This is the seventeenth lesson in author and pastor Mel Lawrenz’ How to Live the Bible series. If you know someone or a group who would like to follow along on this journey through Scripture, they can get more info and sign up to receive these essays via email here.

Released this week: A Book of Prayers for Kids by Mel Lawrenz.


This will be said many times in the days to come: few Christians have had a larger impact on the world than evangelist Billy Graham—in all of history. He will be remembered for his character, his accomplishments, and his amazing connections with global leaders over many decades. We will also remember him for his words—and perhaps one phrase that he never tired of repeating: “The Bible says…”

In an age when people were suspicious of “Bible-thumpers,” most people never thought of Billy Graham in that way because Billy Graham did not use the Bible as a weapon or a tool of domination. He did not proffer an exotic personal interpretation. His explanations of the Bible were not cliché or elitist.

When Billy Graham said “the Bible says” it was like watching an eagle catching an updraft with outstretched wings. He invited us to be borne up and carried along by the truth of Scripture. He also brought the truth of Scripture to us as a healing ointment and as a stinging antiseptic.

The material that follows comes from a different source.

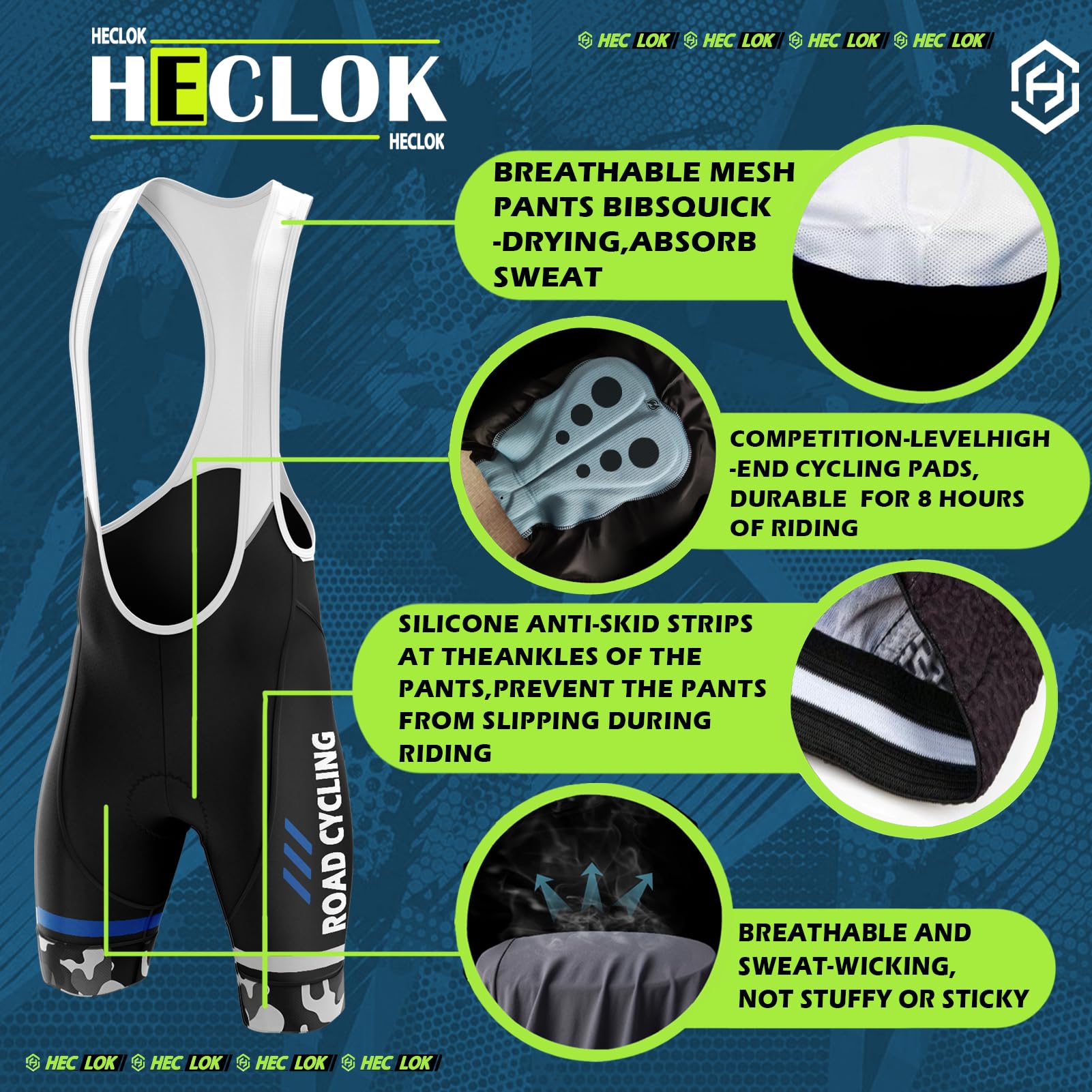 Culotte Ciclismo Bibs Shorts Hombres Verano, MTB Ropa Ciclismo Culote Corto con Tirantes, Transpirables, de Secado rápido,Ropa de MTB para Ciclismo al Aire Libre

Most important, when Billy Graham said “the Bible says” he was letting the world know: This is not about me. I am nothing but a desperate sinner like everyone else. I would have no hope without God’s promises.

This, of course, was what gave Billy Graham that rarest of qualities these days for leaders: trustworthiness. He was voted “most admired” man by many polls for many years because we are all looking so desperately for that person who really is without guile—who is genuinely humble, grateful, and reverent.

Though Billy Graham repeated “the Bible says” over and over, we always knew he did not worship the Book. People did not accuse him of “bibliolatry.” What came through was his reverence for God the Father, submission to Jesus, and a wide-eyed expectancy of what the Holy Spirit would do next in a stadium, or through television waves, or within a youth movement.

“The Bible says” means “God says.” Billy Graham knew there was nothing more important.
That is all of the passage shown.